Aeon Corporation of Japan 株式会社イーオン
- Type: Kabushiki kaisha
- Industry: Language instruction
- Founded: Tokushima, Japan (1973)
- Headquarters: Okayama, Japan
- Key people: Kiyoshi Aki (Chairman and CEO)
- Website: http://www.aeonet.com/ http://www.aeonet.co.jp (in Japanese)

= Aeon (eikaiwa) =

Chain of English schools in Japan

Aeon (株式会社イーオン, Kabushikigaisha Īon) is a chain of English conversation teaching companies in Japan. It is considered one of the historical "Big Four" eikaiwa schools. The company operates 320 branch schools throughout Japan, and has recruitment offices in New York City and Los Angeles.

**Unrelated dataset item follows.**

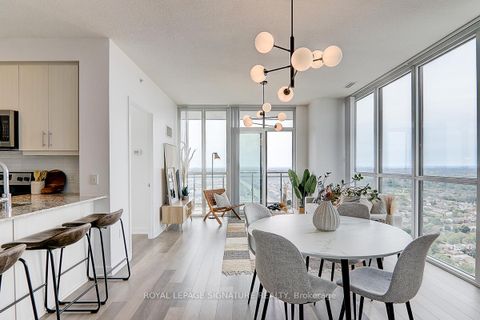 Photo 11 at 3307 - 3975 Grand Park Drive, City Centre, Mississauga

In November 2013 it was reported that Aeon had approximately 100,000 students studying English.

==History==
In 1973, university classmates Kiyoshi Aki and Tsuneo Kusunoki founded the company AMVIC. The name was a portmanteau of the phrase "AMbition and VICtory." The company would focus on foreign language studies. AMVIC International was later split into two divisions in 1989, as the former partners developed differing visions of the company's future. Aki's company became Aeon, focusing on language learning in Japan. He remains Aeon's chairman as of 2010. Kusunoki's company became GEOS, focusing on global language learning. GEOS and Aeon remained competitors until April 2010 when GEOS filed for bankruptcy protection.

In 2018, Aeon joined the KDDI company umbrella. With the merger, Aeon began using KDDI's AI systems to promote student learning. They continue to use AI technology with their Aeon NET Campus App.

Aeon also partnered with the Ministry of Education, Culture, Sports, Science, and Technology to help train teachers in teaching English in Japan's public school systems in 2018. As of 2020, Aeon has continued to train teachers in partnership with the government.

==Educational services==
Aeon offers many types of English courses and services. For adults, conversation and grammar courses are available, as well as courses on business English. The company also offers training for various tests, such as TOEIC and J-SHINE courses. The company also provides lessons for young children, elementary, and junior high school students in conversation and grammar skills.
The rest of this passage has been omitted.